**Exercise aim:** Repeat the records below exactly as they appear, leaving out any pictures.

--------------------------------------------------

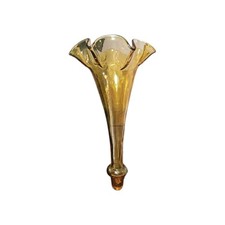Vintage MCM Empoli Italian Blown Glass Epergne Replacement Horn Amber 13"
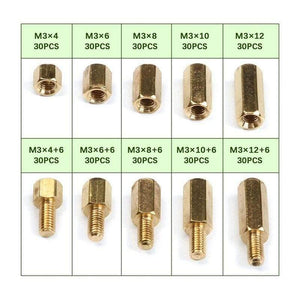 300 PCS M2/M3/M4 Hex Brass Copper Pillar Stand Off Hex Column Spacer Screw Nut Fastener Tool Set For Machine Automobile Kit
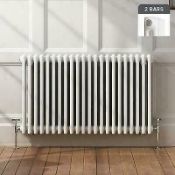 (QQ47) 600x1226mm White Double Panel Horizontal Colosseum Traditional Radiator. RRP £573.99. ...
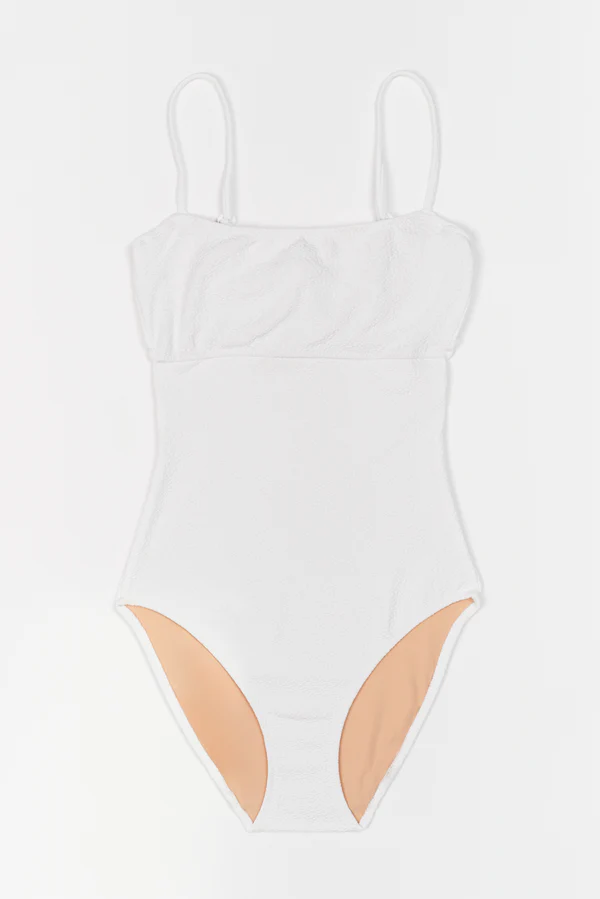 else Boucle U/W Square Neck One Piece Suit | White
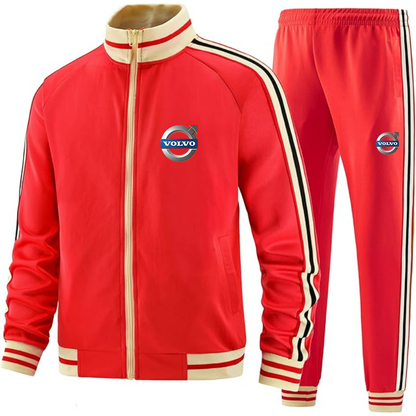 Men's Volvo Car  Two Piece Designer Tracksuit with Bold Striped Accents and Zippered Front Elevated Athletic Wear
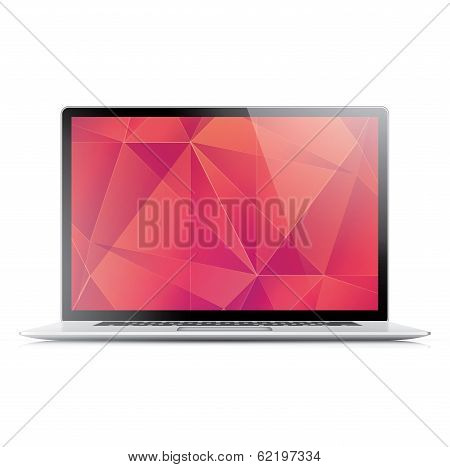Laptop vector with modern flaming geometric bakcground isolated on white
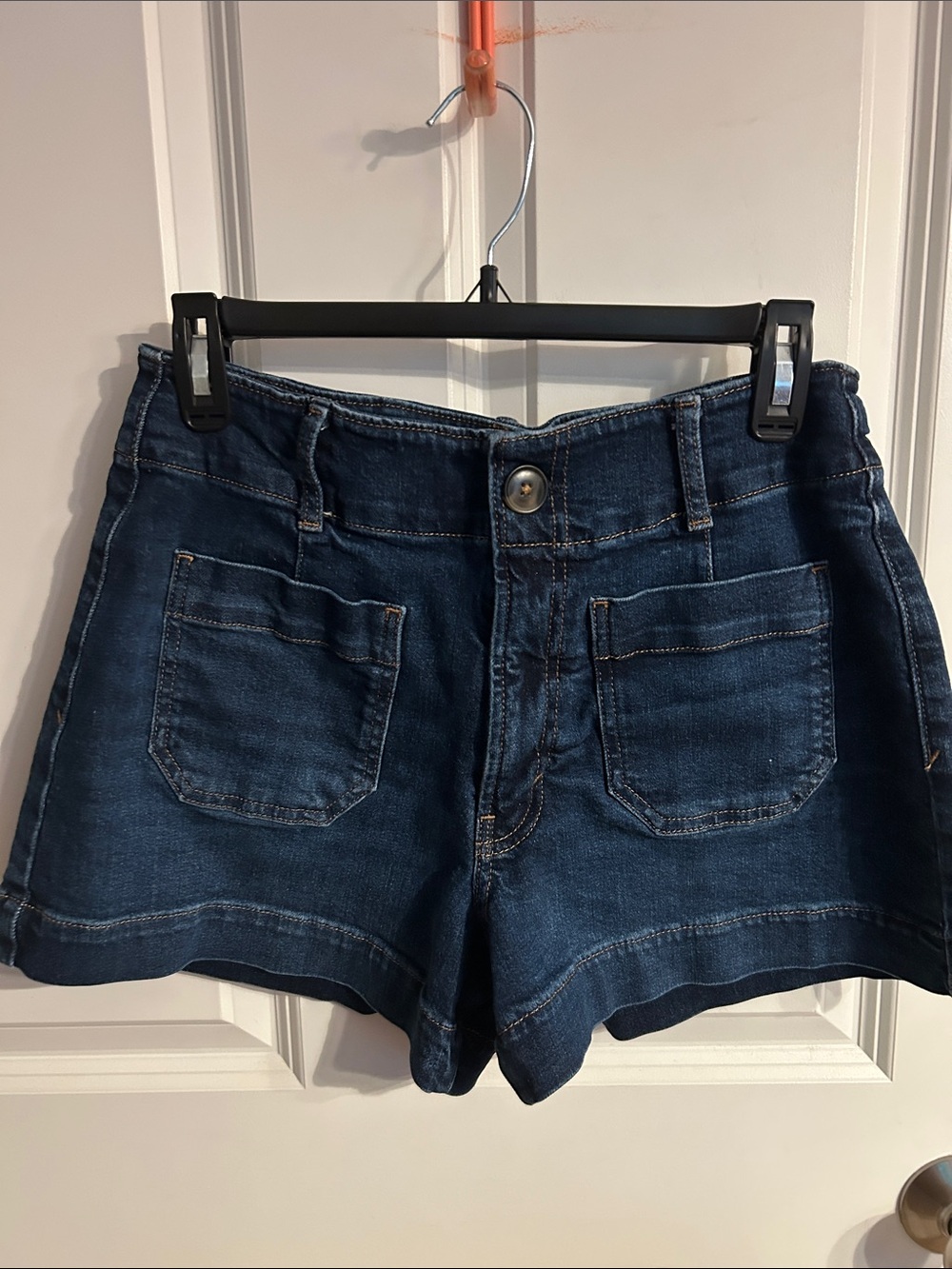 a.n.a Dark Blue Denim Jean Shorts with Front Patch Pockets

--------------------------------------------------

**Result of this exercise:**
Vintage MCM Empoli Italian Blown Glass Epergne Replacement Horn Amber 13"
 300 PCS M2/M3/M4 Hex Brass Copper Pillar Stand Off Hex Column Spacer Screw Nut Fastener Tool Set For Machine Automobile Kit
 (QQ47) 600x1226mm White Double Panel Horizontal Colosseum Traditional Radiator. RRP £573.99. ...
 else Boucle U/W Square Neck One Piece Suit | White
 Men's Volvo Car  Two Piece Designer Tracksuit with Bold Striped Accents and Zippered Front Elevated Athletic Wear
Laptop vector with modern flaming geometric bakcground isolated on white
 a.n.a Dark Blue Denim Jean Shorts with Front Patch Pockets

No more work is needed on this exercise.